Trail Surface: Forest Tracks, farmland, country Roads and boreens.

Difficulty: Hard

Distance: 25.5 Km

Duration: 6-8 hours

Start: Car park in Ballintubber

O/S maps 1:50000: 31, 38


Our walk today features Day Two of the Croagh Patrick Heritage Trail Festival walk which was held over the St Patrick's Holiday weekend in March. Today's stage will bring us from Ballintubber Abbey to the picturesque village of Aughagower. The bi-annual festival is organised each year by the hard working Clogher Environmental Group and attracts in the region of 70 to 100 walkers to the area. The environmental group partner with a worthy charity to help raise funds and increase the profile of the walk. Mayo Roscommon Hospice is the charity for today's walk and there are plans in place to partner up with Western Care for the autumn walk.
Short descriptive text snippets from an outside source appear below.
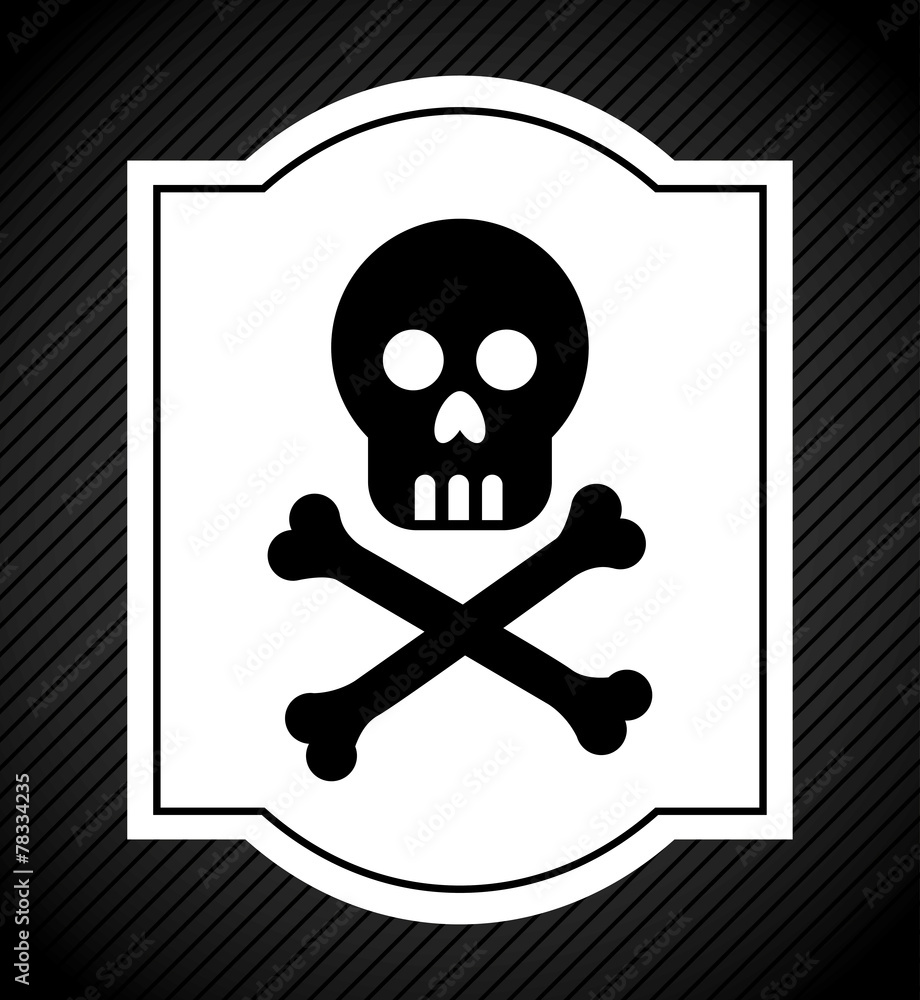 danger signal danger signal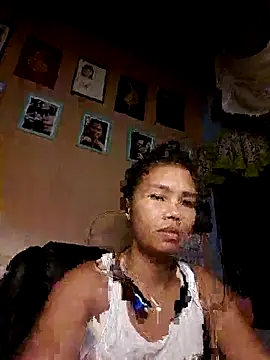 Snapshot of Asexycook4Ubananas chatting on May 26, 2026, 2:35 pm Asexycook4Ubananas online show from May 26, 2026, 2:35 pm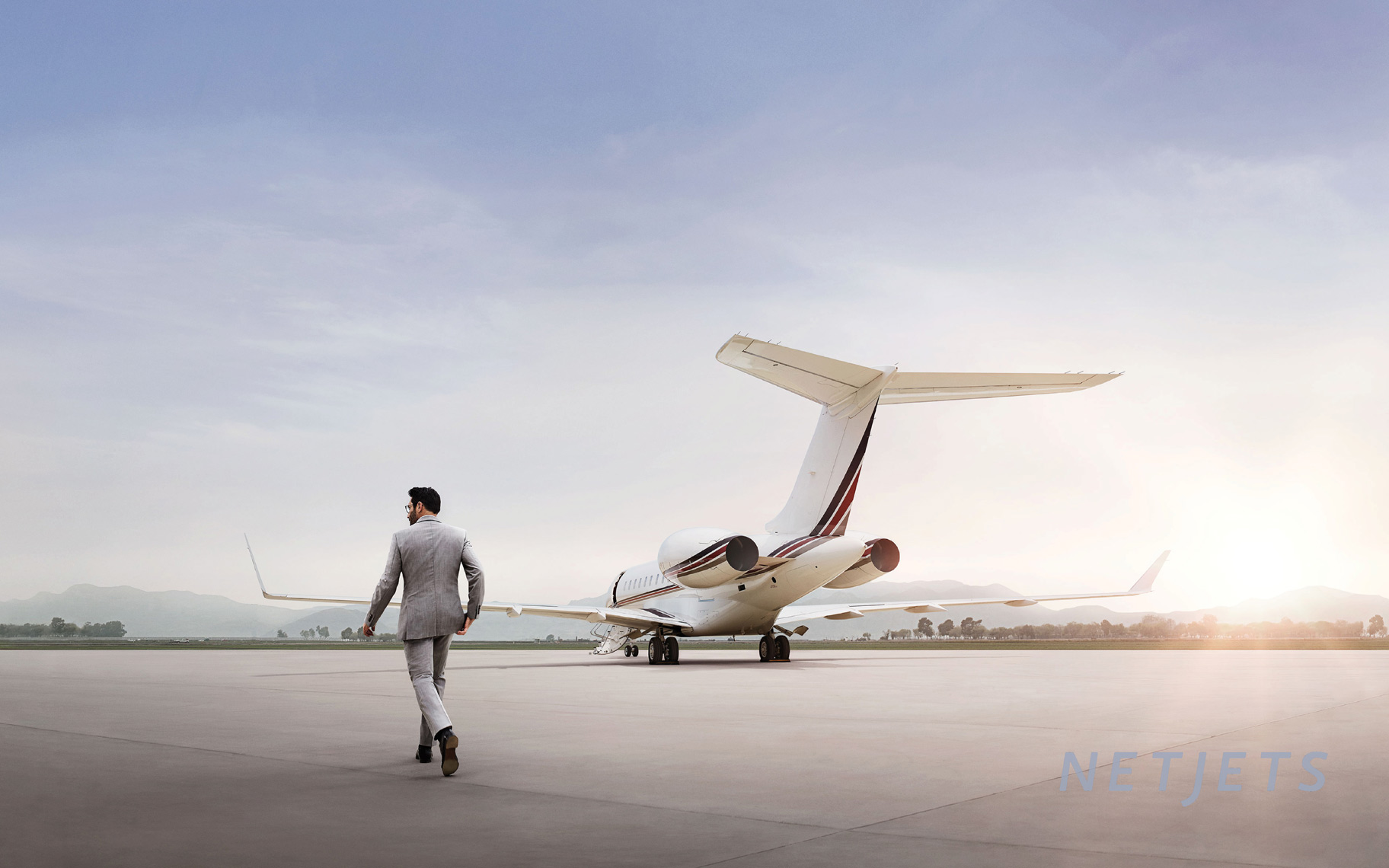 KurtIswarienko-NETJETS-KI7_HORIZONTAL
As we depart from Ballintubber Abbey, the excitement among the walkers is clearly audible in the crisp morning air as they swap stories and experiences from the previous day's trek. The Abbey itself was founded in 1216 by Cathal Crovderg O'Connor and is an important sacred Irish historical site. The abbey has suffered a turbulent history through suppression and fire however and as poet Cecil Day Lewis wrote, "it refused to die," and worship continued. Today, Ballintubber is recognised as the country's only royal abbey that has been in continuous use down the generations and is currently celebrating its 800 year anniversary. Tioboid na Loing, a son of Granuaile is actually buried in the sacristy.


Ballintubber Abbey


Our first meal break is in the little village of Killawalla located in the foothills of the Partry Mountains. Killawalla is an Anglicisation of the gaelic "Coill a Bhaile" meaning "wood of the road or pass". During penal times "Sean na Sagart" was a legendary priest hunter who frequented these areas. He received a large bounty for each priest's head he collected and then he tossed these heads into a lake nearby called Loch na gCeann.  He is buried in Ballintubber Abbey where an ash tree marks his grave. He is buried facing north where the sun never rises. This is in contrast to the other graves in the graveyard that face the east and the rising sun.

From Killawalla we journey through the town land of Bellaburke and then on to the Aille River and its famous caves.  In 2008, A Polish cave explorer named Artur Kozlowski reached 103 metres (338ft) below ground here. This surpassed the previous British/Irish record of 90 metres attributed to Britain's deepest cave, Wookey Hole, in the Mendip Hills in Somerset. Then, as we ascended the long slow drag up Teevenish Hill through closed in Coillte forestry, the conversations stopped and all eyes searched for the inevitable clearing at the summit. The hard walking paid off, however, as the view from this top is a joy to behold. The sun was setting in the west, silhouetting Croagh Patrick, whilst Aughagower, nestling in the valley with its famous round tower, was soaking up the last rays of the evening sun. Classic!